Answer: Eastern Fleet
Ranger was the first purpose built aircraft carrier in the US Navy. Commissioned in June 1934, she was closer in size to the pioneering USS Langley than the much larger Lexington and Saratoga, and was also significantly slower, also lacking torpedo protection. Although Ranger served in the Pacific during the pre-war period, in January 1939 she left San Diego to undertake operations in the Caribbean based at Guantanamo Bay in Cuba, before proceeding to Norfolk to take up station with the Atlantic Fleet. It was while based in Virginia that Pearl Harbor was attacked - the loss of almost all of the Pacific Fleet's battleships led to a need for more aircraft carriers to be sent to Hawaii. However, Ranger's limitations in terms of size, speed and protection led to her being left in the Atlantic Theater.

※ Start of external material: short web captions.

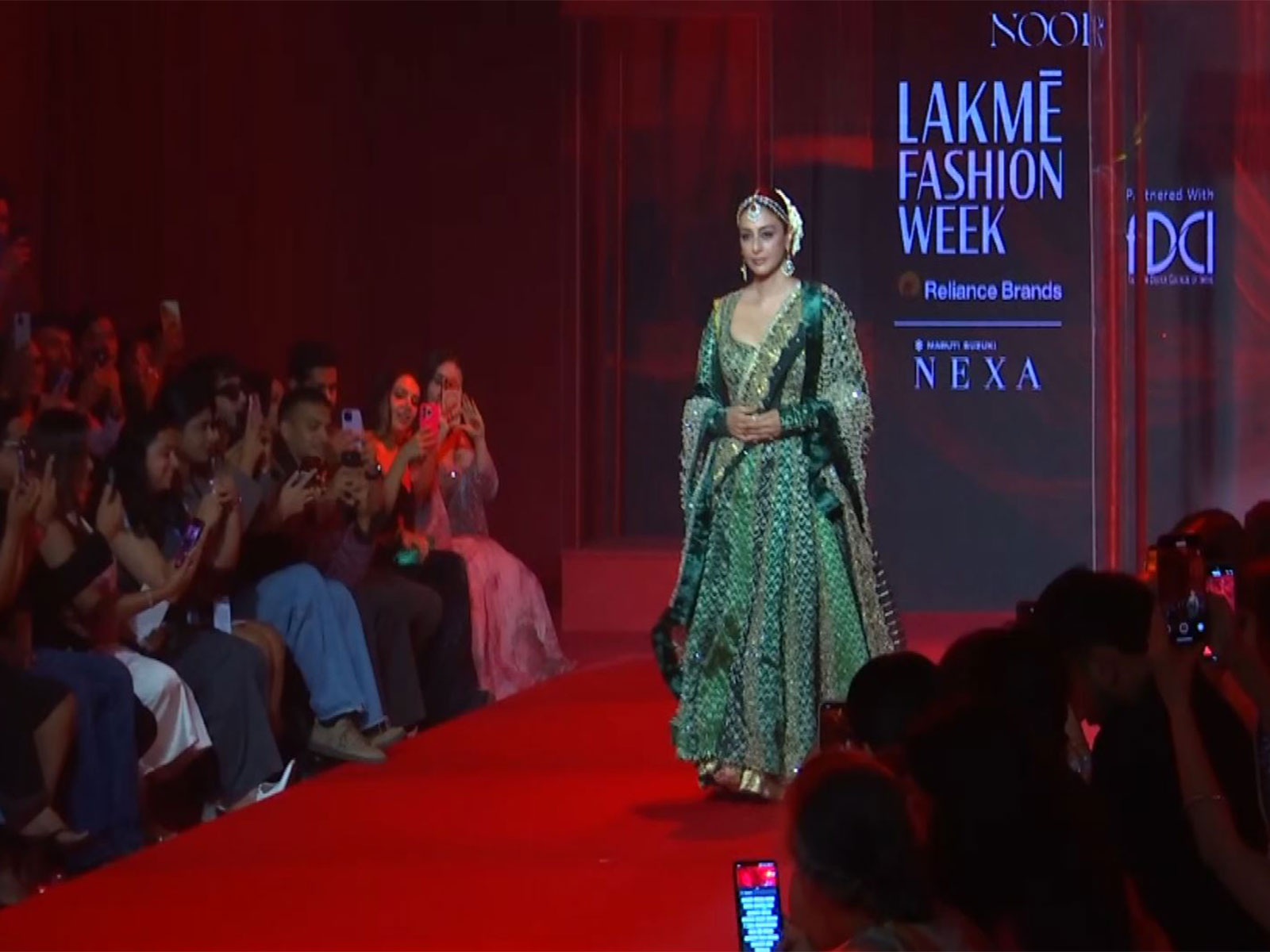 Tabu walks ramp at Lakme Fashion Week 2025 (Photo: ANI)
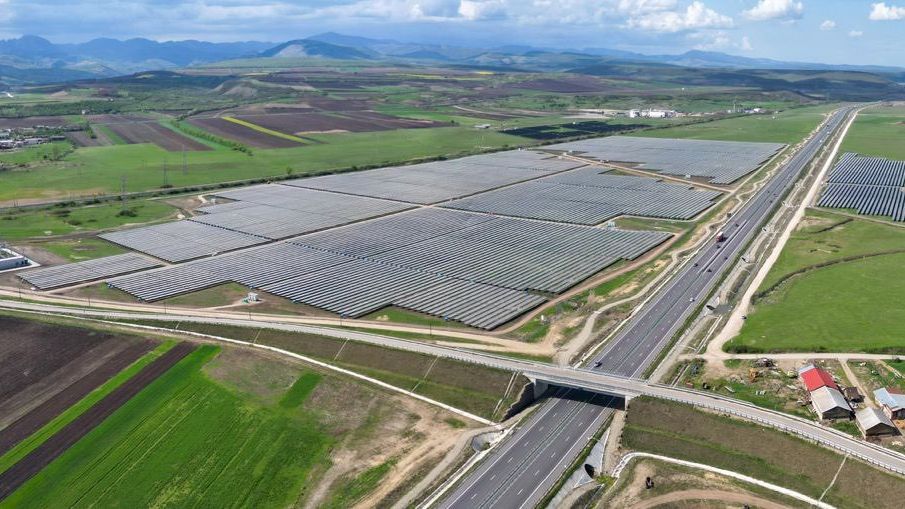 Románia felavatta a legmodernebb panelekkel felszerelt napelemparkját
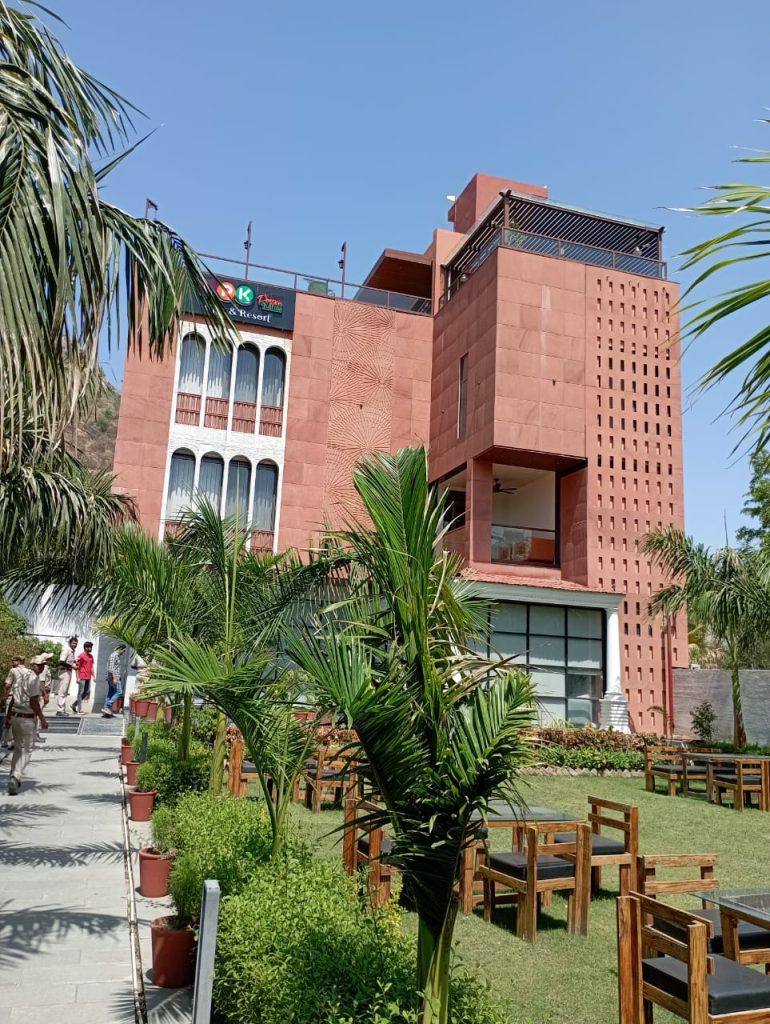 ईको सेंसिटिव जोन में अवैध निर्माण पर यूआईटी की सख्त कार्रवाई, होटल व क्लब को किया गया सील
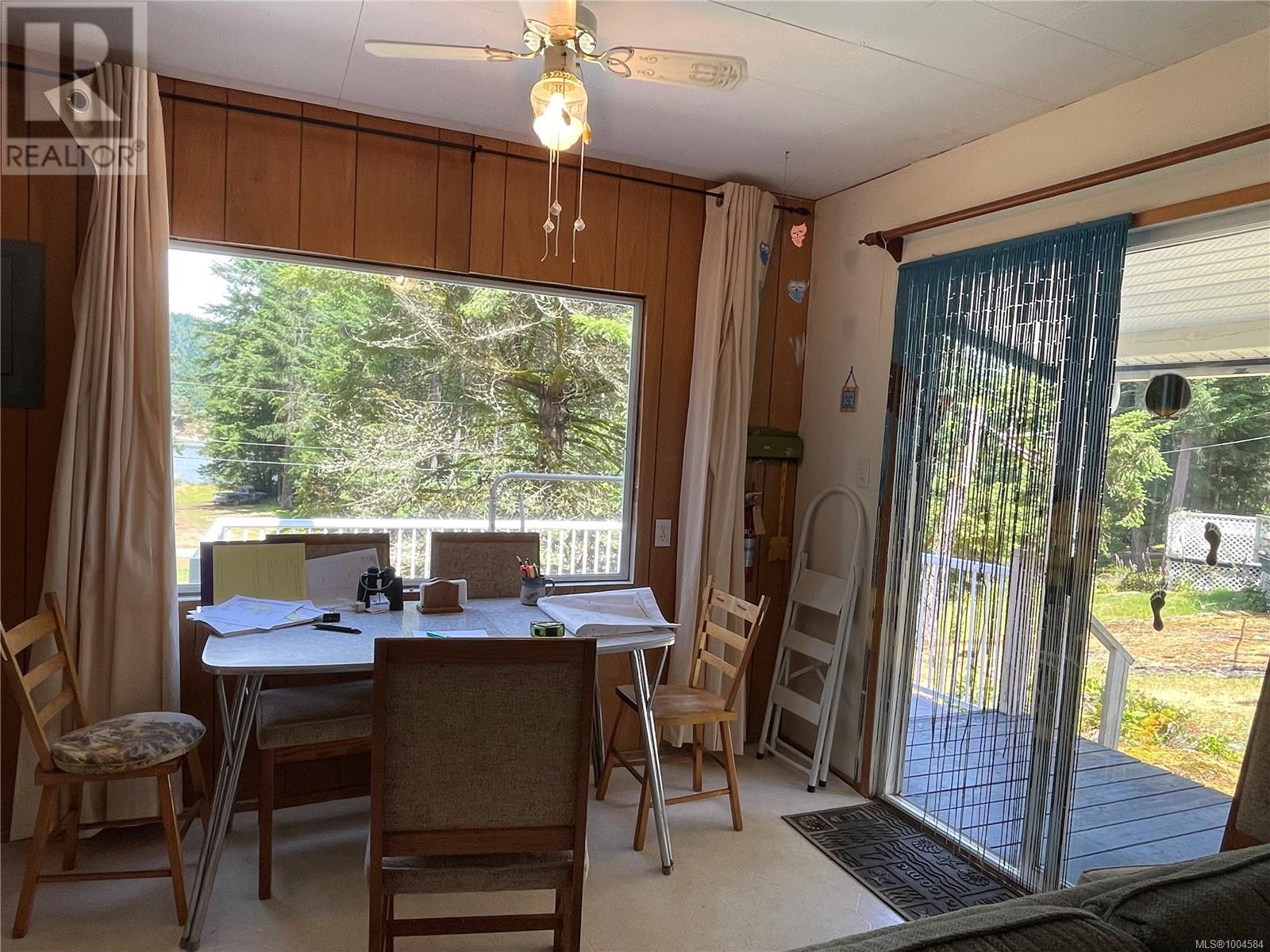 865 Driftwood Dr, Mudge Island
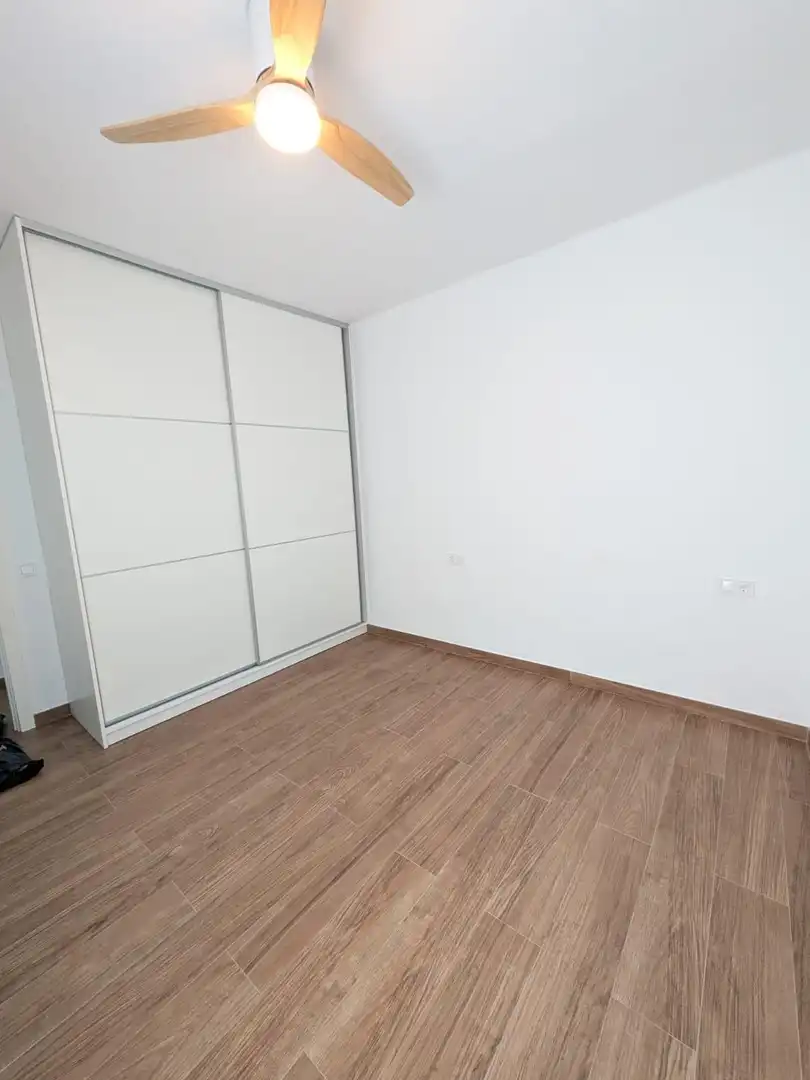 Habitación de Piso en venta en Las Palmas de Gran Canaria con Balcón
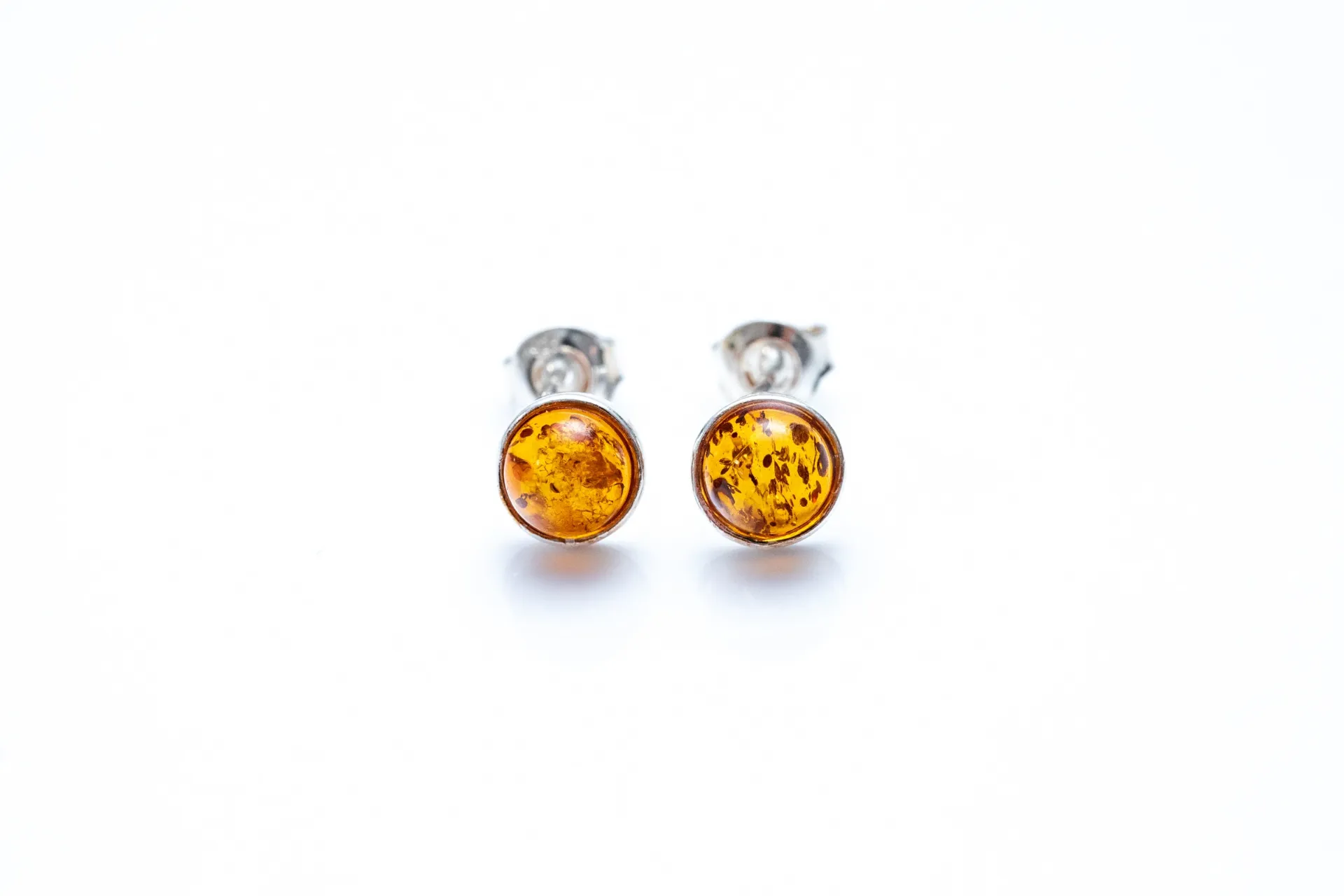 ESSENTIALS Mini Amber Stud Earrings - Minimalistic & Modern Jewelry Must-Have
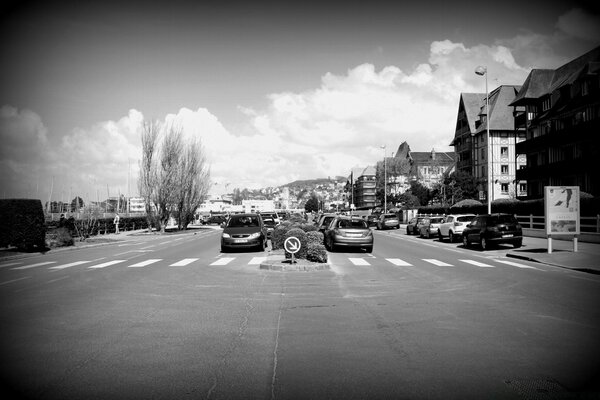 Rue de la vieille ville en Monochrome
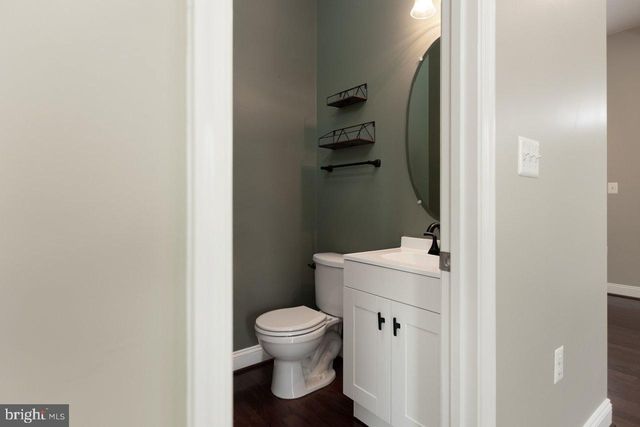 88 LIVERPOOL LN, Martinsburg, WV 25405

In April 1942, Winston Churchill sent a message to President Roosevelt requesting reinforcement of the Royal Navy's Eastern Fleet, at the time stationed in Ceylon, following the Indian Ocean Raid, in which the Japanese had attacked British shipping and bases in the region. This had resulted in the loss of three major British warships, the heavy cruisers HMS Dorsetshire and HMS Cornwall, and the aircraft carrier HMS Hermes. Churchill requested that the US send Ranger, plus the battleship USS North Carolina, to reinforce the Eastern Fleet. Admiral Ernest King, the US Chief of Naval Operations, was adamant that no major US fleet unit, especially Ranger, be sent to the Indian Ocean, and drafted a response to Churchill's request bluntly stating this. In an effort to maintain diplomacy, President Roosevelt amended this to play up Ranger's deficiencies, with instead the ship being used to ferry fighters for the 10th Air Force based in India.